Après le sentiment d’impuissance du confiné, réduit au rôle de commentateur de sa propre vie, il fallut ensuite résister au déferlement des analyses, les miennes et celles des autres. Face à l’isolement, c’est comme si toute la planète s’était mise à vouloir échanger, écrire, prendre des nouvelles, parler. C’est comme si tout le monde voulait commenter. La France compte désormais 66 millions d’épidémiologistes – occupés à discourir des vertus de tel ou tel traitement par rapport à un autre et des qualités de tel ou tel professeur de médecine – et autant de nouveaux philosophes ou adeptes du développement personnel.

Ensuite, ce fut l’épreuve du réel, le temps du monde d’après et la date du 11 mai, comme une délivrance. Les collectivités et les entreprises ont tenté d’anticiper. Si le confinement avait été « jacobin », le déconfinement serait « girondin », adapté à la situation locale, manière aussi d’étaler la charge et de diluer les responsabilités. Il faudrait vivre ensemble mais séparés. La distanciation entraînerait une diminution des seuils de saturation des équipements et des espaces publics. Il faudrait dédensifier avec une surface calculée pour chacun. On s’inquiéta de la saturation des transports en commun aux heures de pointe, des rues pas assez larges pour respecter ces distances. On se mit à imaginer des mesures de désaturation en développant par exemple des pistes cyclables temporaires, en invitant à une occupation alternée des lieux par les salariés et en cherchant à écrêter les heures de pointe en jouant sur les horaires de travail.

Des rêves plein la tête, sûre qu’il ne pouvait y avoir de retour en arrière, je suis retombée sur terre en découvrant les files de voitures à l’entrée des drive des chaînes de restauration rapide à peine ré-ouverts. Comme un nouveau présage, l’assurance de nouvelles saturations. À ce moment-là, j’ai repensé à Fellini qui prévoyait que la fin du monde débuterait par un embouteillage.

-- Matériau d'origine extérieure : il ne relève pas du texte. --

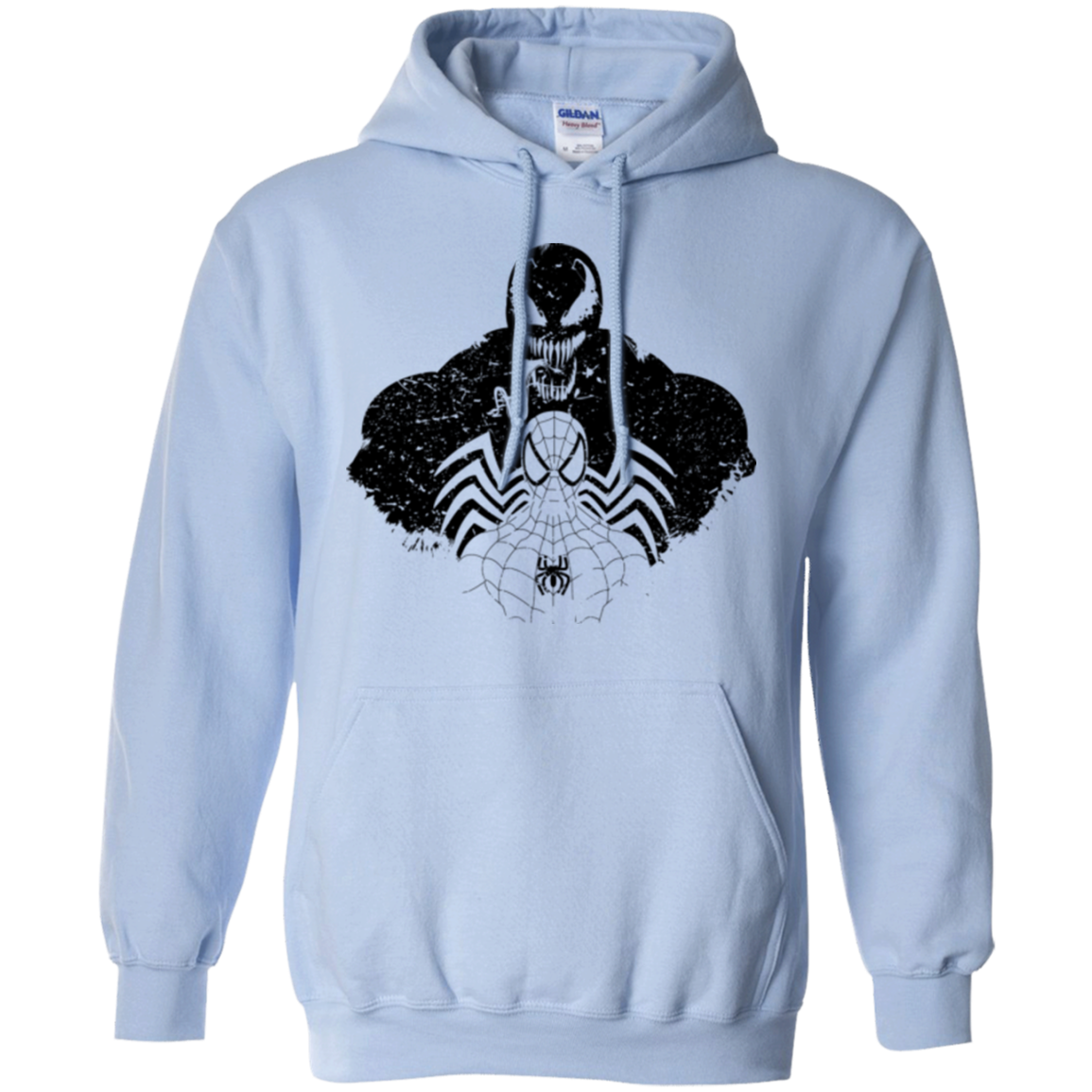 Dark Spider Shadow Pullover Hoodie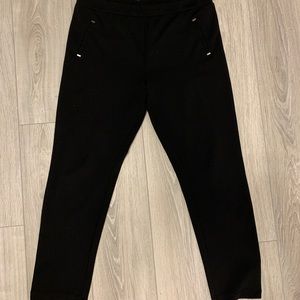 Black dress pants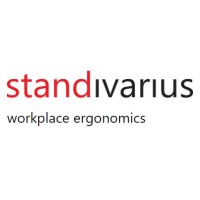 Standivarius - workplace ergonomics Logo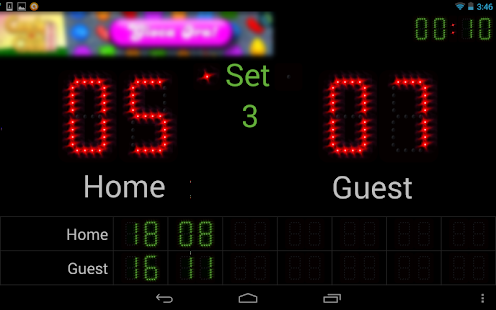 Scoreboard PingPong ++(圖5)-速報App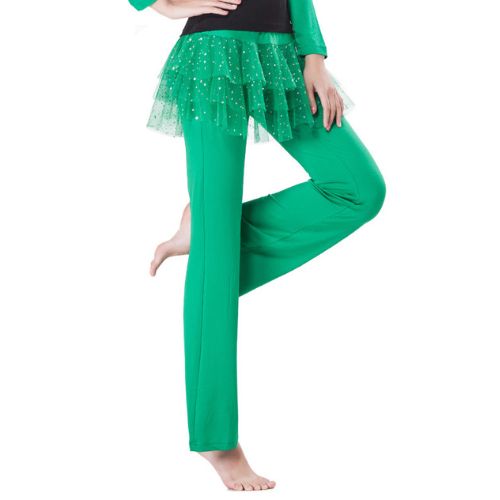 【予約商品】パフォーマンス  ダンスパンツRSV70057GR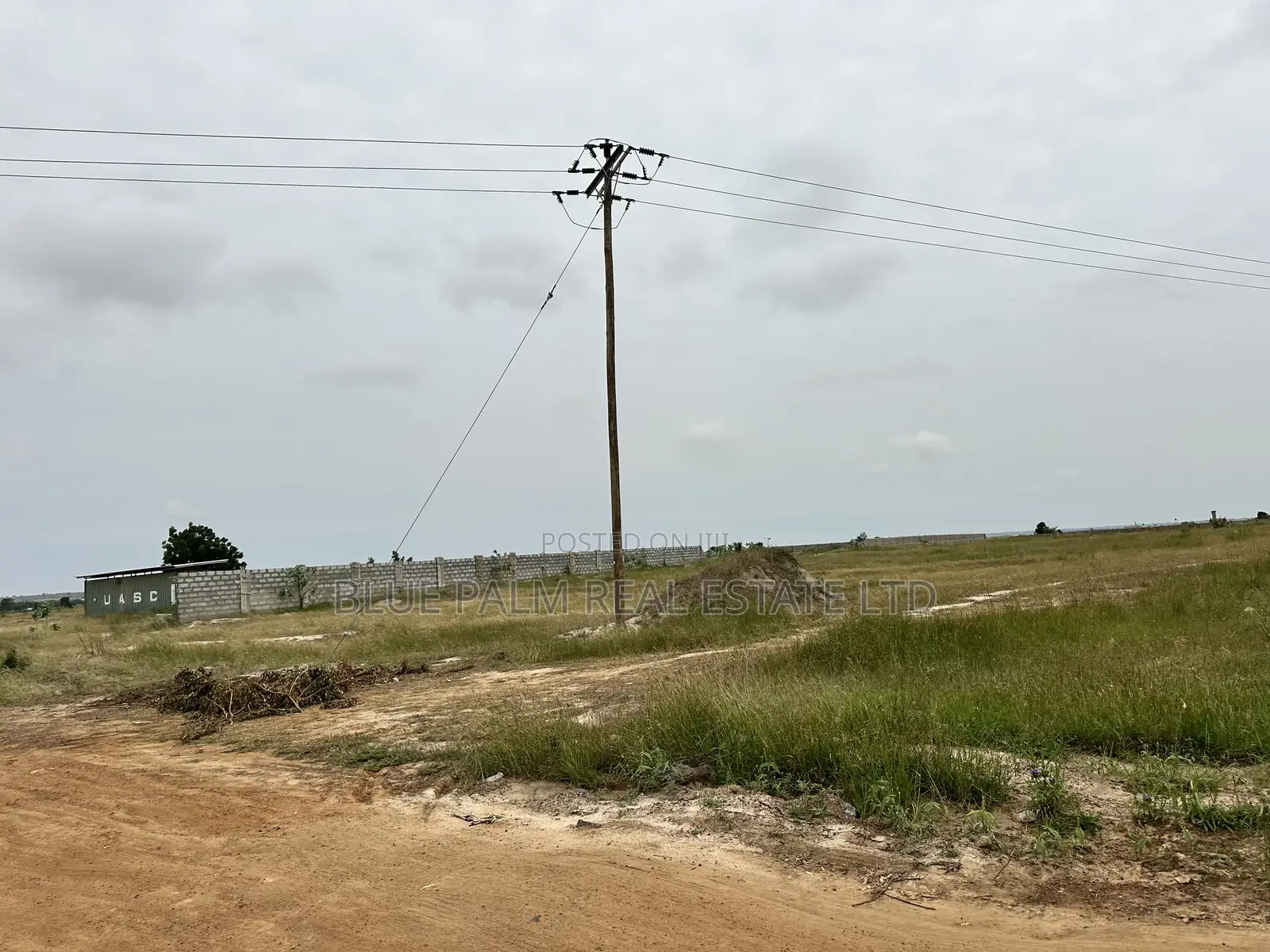 Dawhenya Plots for Builders—Start Construction Immediately - Land in Greater Accra, Ningo-Prampram, Dawhenya - Sale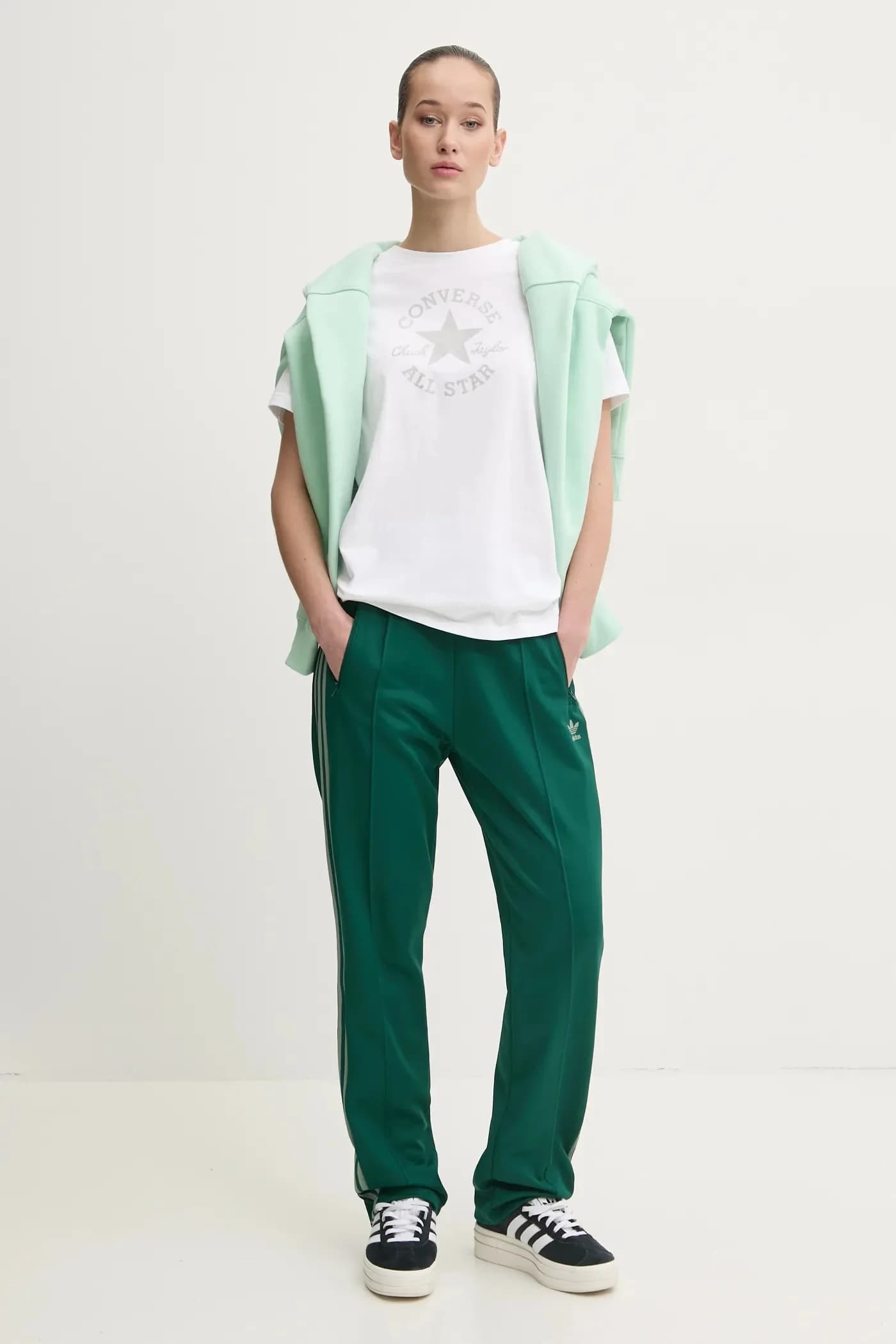 Хлопковая футболка - фото 2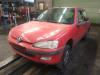 Peugeot 106 II 1.1 XN,XR,XT,Accent Sloopvoertuig (1996, Rood)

Ce qui a dé-saturé c’est finalement le non humain : l’espace public des villes, les réseaux physiques de transport, les espaces naturels, les plantes et les animaux qui ont pu prendre leurs aises, brins d’herbe entre les pavés de la Place Saint-Marc, nids d’oiseaux sur les plages abandonnées ou dauphins dans les calanques de Marseille. Tout aurait dû m’inviter à la dé-saturation mais je n’ai pas été capable d’échapper aux sollicitations et aux engagements multiples. La mise à distance, le sans contact n’ont pas suffi. C’est comme si la dé-saturation ne pouvait passer que par la liberté et la relation.